*EXERCISE REQUIREMENTS*.
Retype each line of the material exactly, please, skipping any picture in it.

*INPUT DATA*.

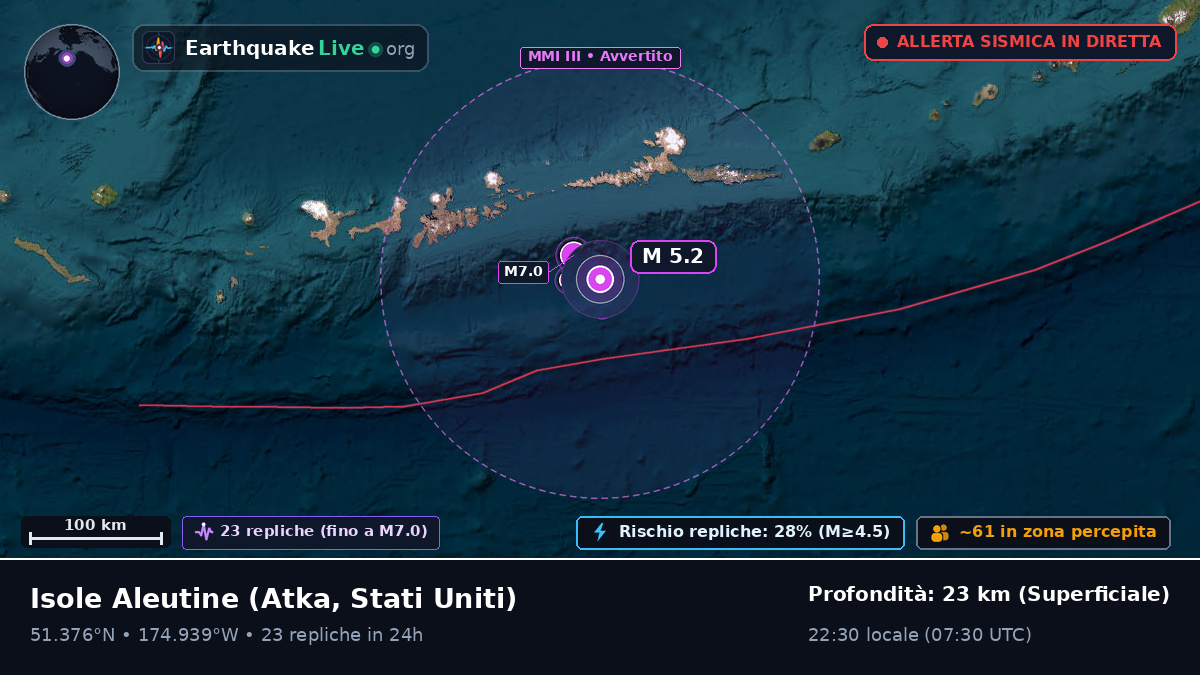 Isole Aleutine (Stati Uniti)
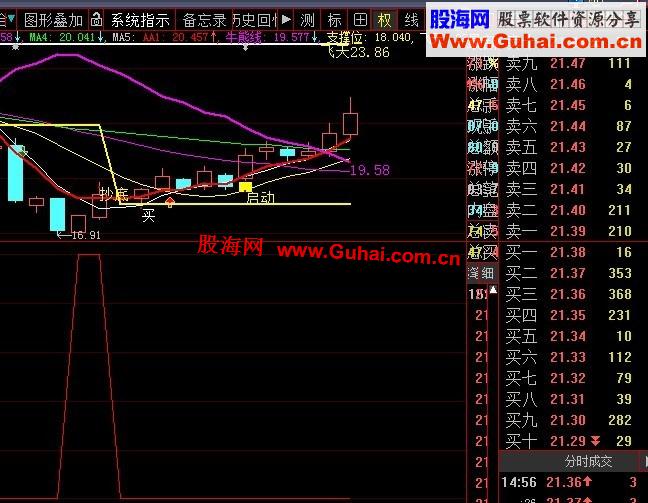 大智慧底部爆发副图、可选股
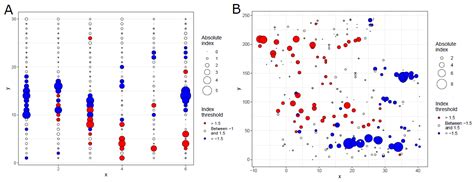 Spatial Pattern of Host Tree Size, Rather than of Host Tree Itself ...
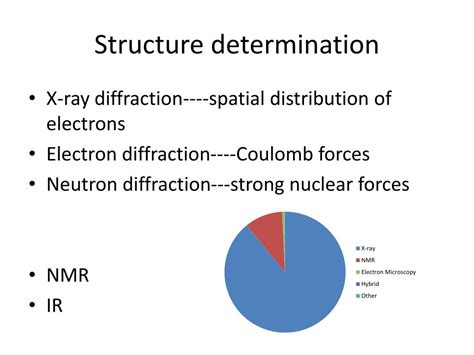 Image result for Neutron Diffraction Structure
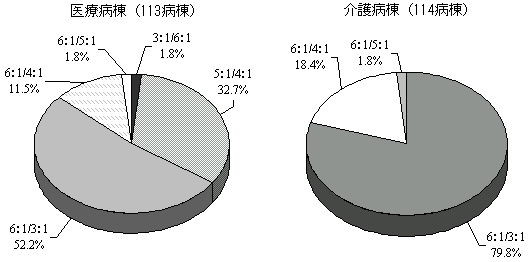 T[rX񋟑̐iŌ/j̐}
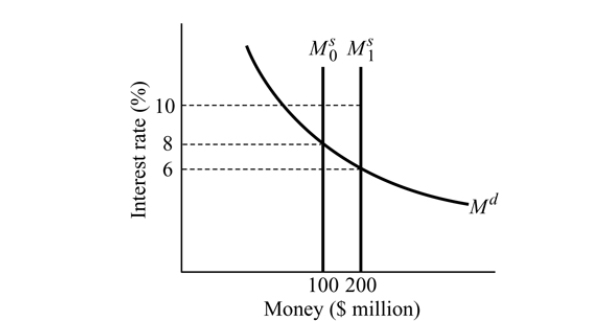   Figure 14.6 -Refer to Figure 14.6. The money supply curve will shift from  , if: A)  the Fed sells U.S. government bonds in the open market.  B)  the Fed decreases the discount rate. C)  the equilibrium level of output decreases. D)  the price level increases.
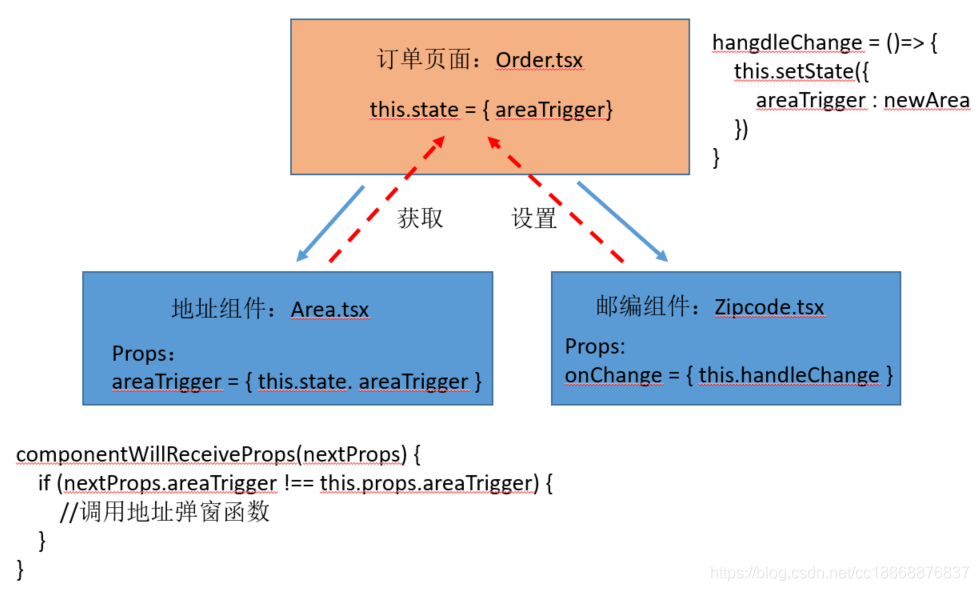 邮编触发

*EXERCISE OUTPUT*.
 Isole Aleutine (Stati Uniti)
 大智慧底部爆发副图、可选股
 Spatial Pattern of Host Tree Size, Rather than of Host Tree Itself ...
 Image result for Neutron Diffraction Structure
 T[rX񋟑̐iŌ/j̐}
   Figure 14.6 -Refer to Figure 14.6. The money supply curve will shift from  , if: A)  the Fed sells U.S. government bonds in the open market.  B)  the Fed decreases the discount rate. C)  the equilibrium level of output decreases. D)  the price level increases.
 邮编触发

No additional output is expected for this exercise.